■ TASK DETAILS
At the line containing "Azienda Agricola Quendoz Herve ssa", begin an exact copy, and continue through the last line of the entries below. Leave out any pictures.

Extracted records
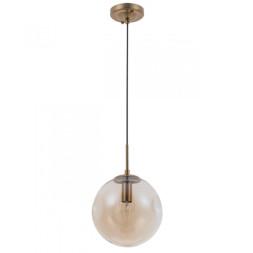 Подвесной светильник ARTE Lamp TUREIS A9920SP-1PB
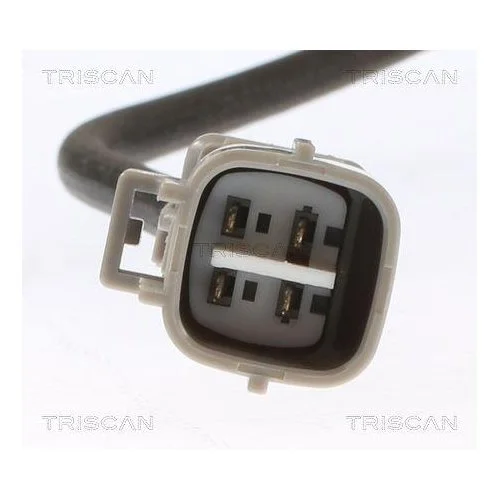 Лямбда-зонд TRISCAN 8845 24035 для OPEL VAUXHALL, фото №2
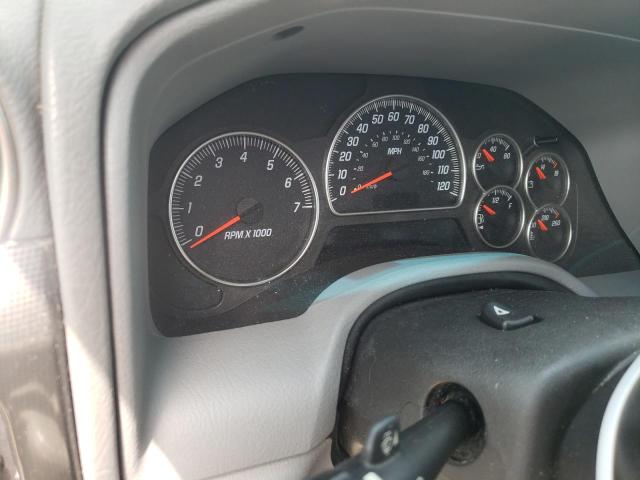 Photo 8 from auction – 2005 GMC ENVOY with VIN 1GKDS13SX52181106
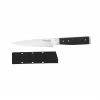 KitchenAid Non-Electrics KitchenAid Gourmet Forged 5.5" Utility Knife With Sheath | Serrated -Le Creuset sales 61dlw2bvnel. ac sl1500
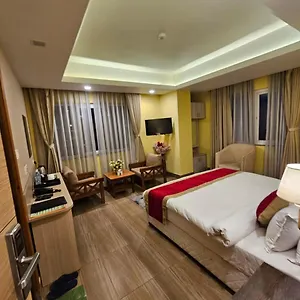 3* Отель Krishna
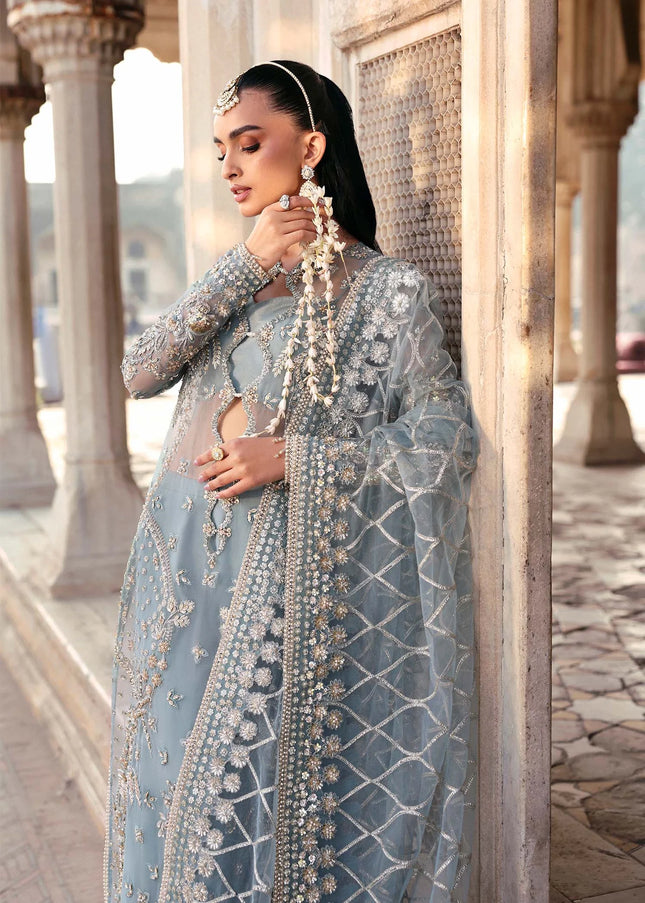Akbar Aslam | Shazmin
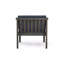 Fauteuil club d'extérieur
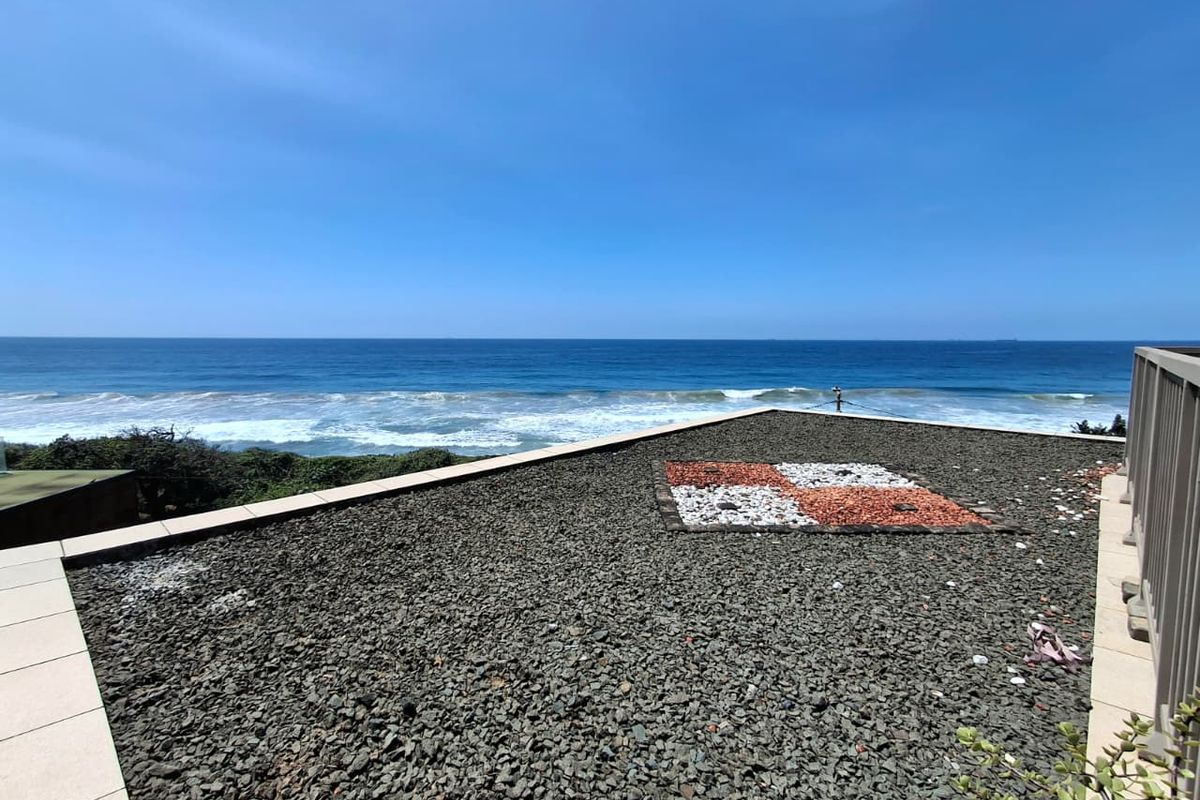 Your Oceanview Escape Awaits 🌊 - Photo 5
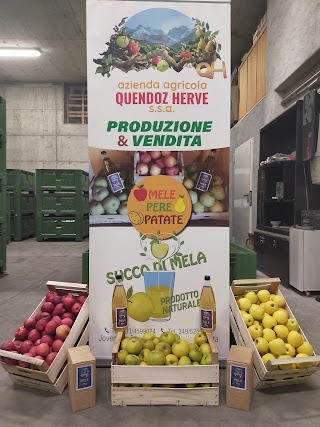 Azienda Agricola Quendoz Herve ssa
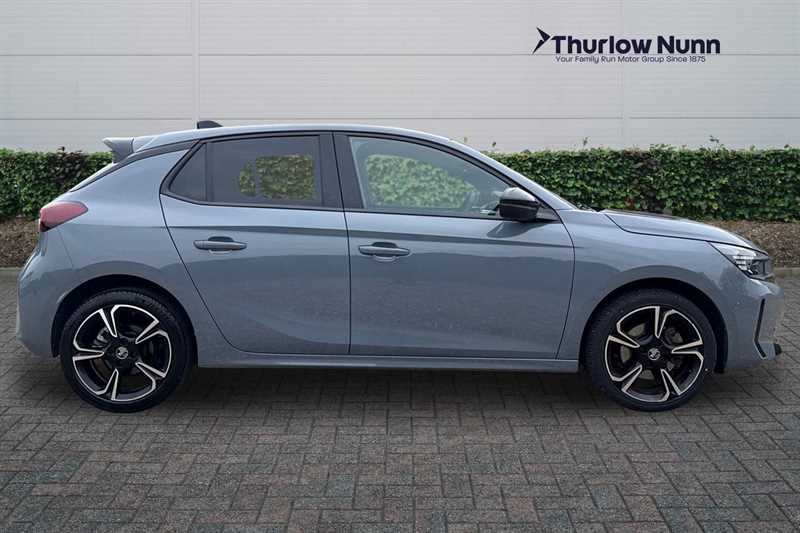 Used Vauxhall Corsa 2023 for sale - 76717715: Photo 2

■ ANSWER SPACE
 Azienda Agricola Quendoz Herve ssa
 Used Vauxhall Corsa 2023 for sale - 76717715: Photo 2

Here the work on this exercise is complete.